I am trying to Geocode a CSV file that contains the name of the location and a parsed out address which includes Address number, Street name, city, zip, country. I want to use GEOPY and ArcGIS Geocodes through Geopy.I wanted to create a code that loops through my csv of 5000+ entries and gives me the latitude and longitude in separate columns in my CSV. I want to use ArcGIS Geocoding service through Geopy. Can anyone provide me with a code to get started? Thanks!
Here is my script:
import csv
from geopy.geocoders import ArcGIS
geolocator = ArcGIS() # here some parameters are needed
with open('C:/Users/v-albaut/Desktop/Test_Geo.csv', 'rb') as csvinput:
with open('output.csv', 'w') as csvoutput:
output_fieldnames = ['Name','Address', 'Latitude', 'Longitude']

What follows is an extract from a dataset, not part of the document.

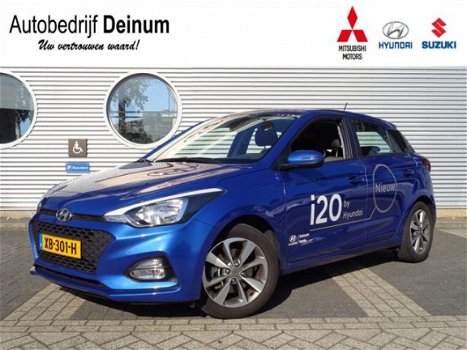 Hyundai i20 - 1.0 T-GDI Comfort Navigatie / Climate Controle / 16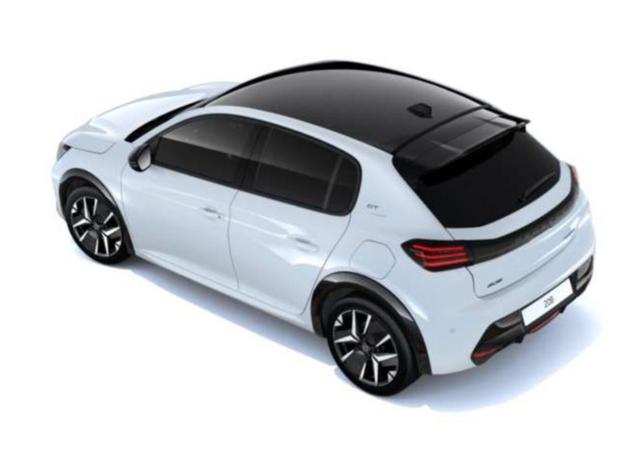 208 GT Hybrid ACC 2xPDC Keyless PrivG CarP LPA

writer = csv.DictWriter(csvoutput, delimiter=',', fieldnames=output_fieldnames)
reader = csv.DictReader(csvinput)
for row in reader:
# here you have to replace the dict item by your csv column names
query = ','.join(str(x) for x in (row['Name'], row['Address']))
Address, (latitude, longitude) = geolocator.geocode(query)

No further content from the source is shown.